# Live rock in lower mainland



## Paigee (May 27, 2011)

Which shop would be best to get live rock with lots of fun hitch bikers on it? And hopefully no aptasia either... I live in delta but would go a fair way to get good rock. I'm starting my 10g nano very soon and want to get the cycle started


----------



## effox (Apr 21, 2010)

I got mine at JL Aquatics. It had feather dusters and what not, no aiptasia..


----------



## effox (Apr 21, 2010)

I believe IPU still has a good selection as well.


----------



## fkshiu (Apr 22, 2010)

Ocean Aquatics is closest to you in Delta.


----------



## Chewie (Jul 21, 2010)

There is lots of live rock for sale here in marine classified section. Get it cheaper than store and probably way more critters and such in it. (depending on if its a tank shut down...)


----------



## scherzo (Apr 24, 2010)

There are really only a few stores that carry salt in town. 

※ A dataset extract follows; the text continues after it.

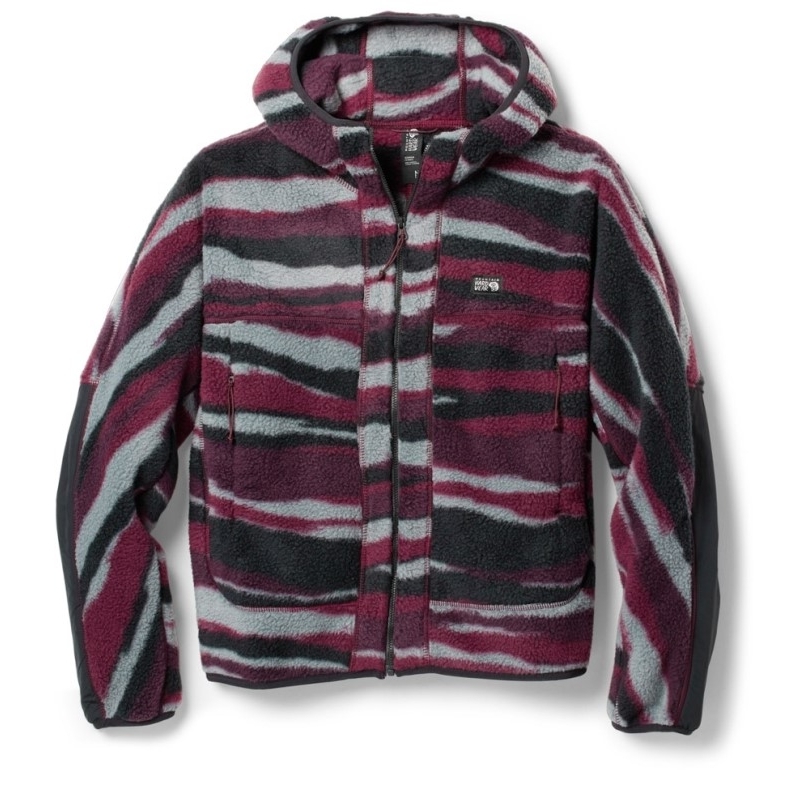 Red Rei Co-op Mountain Hardwear Hicamp-Fleece-Hoodie Mit Durchgehendem Reißverschluss Für Damen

Since you're in Delta you could start from your place and head towards Burnaby and hit a few stores. 

Roger's aquatics on Scott road near Nordel, 

Then go down River Road and hit Ocean Aquatics,

then over the Alex Fraser to King Ed's on Kingsway,

then towards SFU to see J&L and finally,

Across Lougheed towards North Road to Island Pets. 

My choices of stores would be Ocean Aquatics and J&L (site sponsor) for live rock. IPU and Rogers next who are also site sponsors. 

Like others have said... It is cheaper to get LR from members but you can't guarantee them being pest free ( or even from the LFS ... )


----------



## Rastapus (Apr 21, 2010)

We have Vanuatu Deep Water Live rock expected on Monday, FYI. Although I agree there are deals to be had with "used" rock, it really depends the conditions as to why the rock is being sold. Often if an aquarium hobbyist has failed for one reason or another, the rock may not be too exciting. Live Rock is the most important component of a reef aquarium, take your time to choose the right sizes and shapes, you should only do it once so put your effort into the selection.


----------



## spit.fire (Jan 3, 2011)

my house

ive got a few to many hundred pounds


----------